Stored data:
———
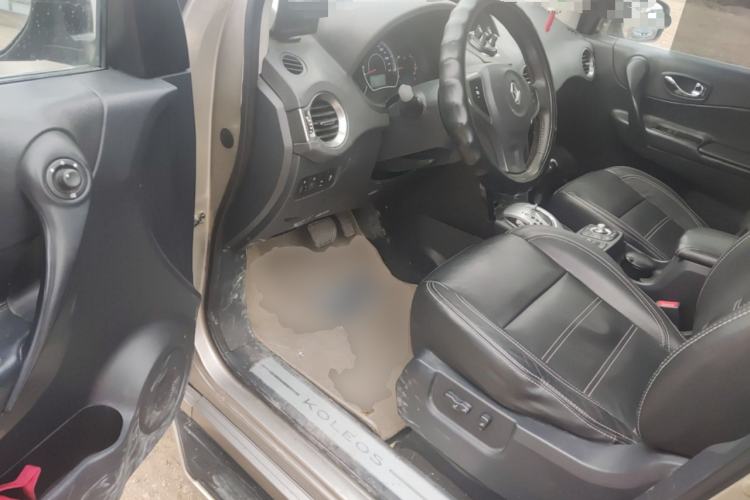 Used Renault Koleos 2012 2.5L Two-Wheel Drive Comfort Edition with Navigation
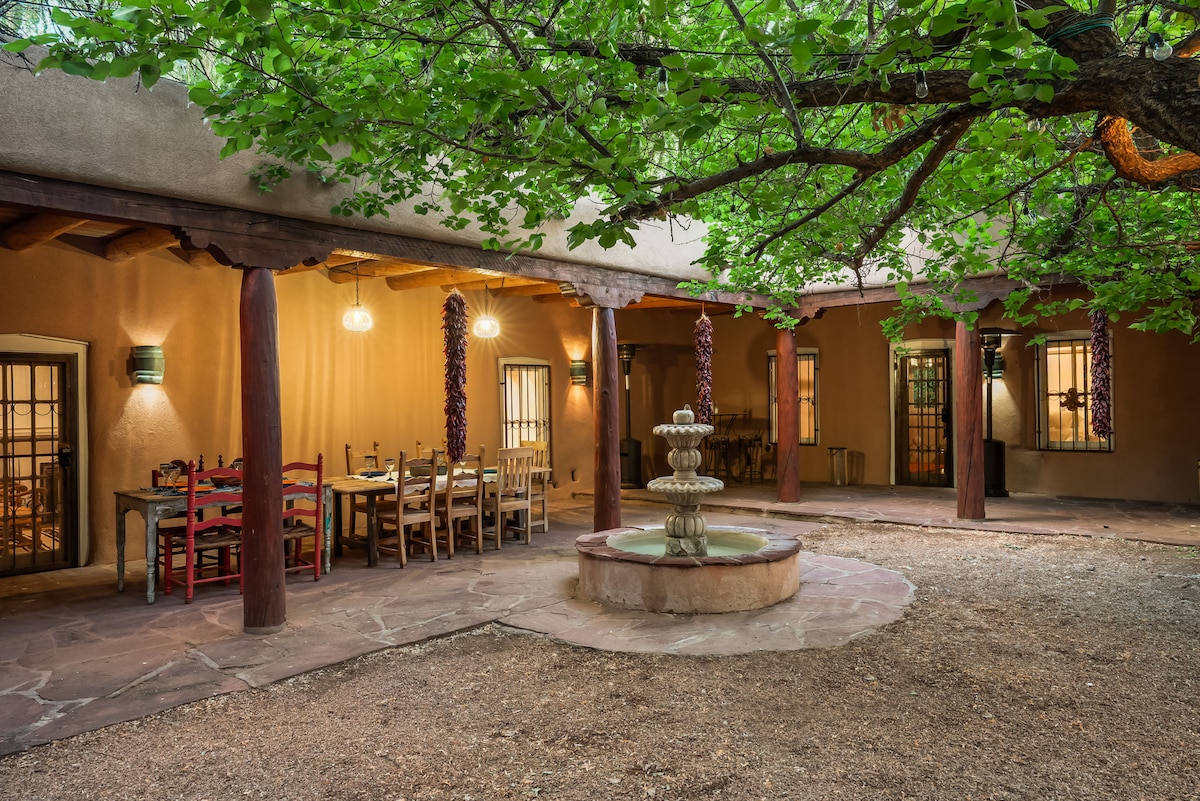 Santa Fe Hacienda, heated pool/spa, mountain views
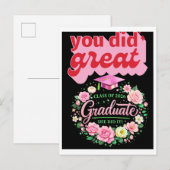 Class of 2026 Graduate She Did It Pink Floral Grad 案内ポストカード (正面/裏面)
———
Activity:
Every line of the data is to be transcribed exactly, and no picture is to be included.

Exercise answer:
 Used Renault Koleos 2012 2.5L Two-Wheel Drive Comfort Edition with Navigation
 Santa Fe Hacienda, heated pool/spa, mountain views
 Class of 2026 Graduate She Did It Pink Floral Grad 案内ポストカード (正面/裏面)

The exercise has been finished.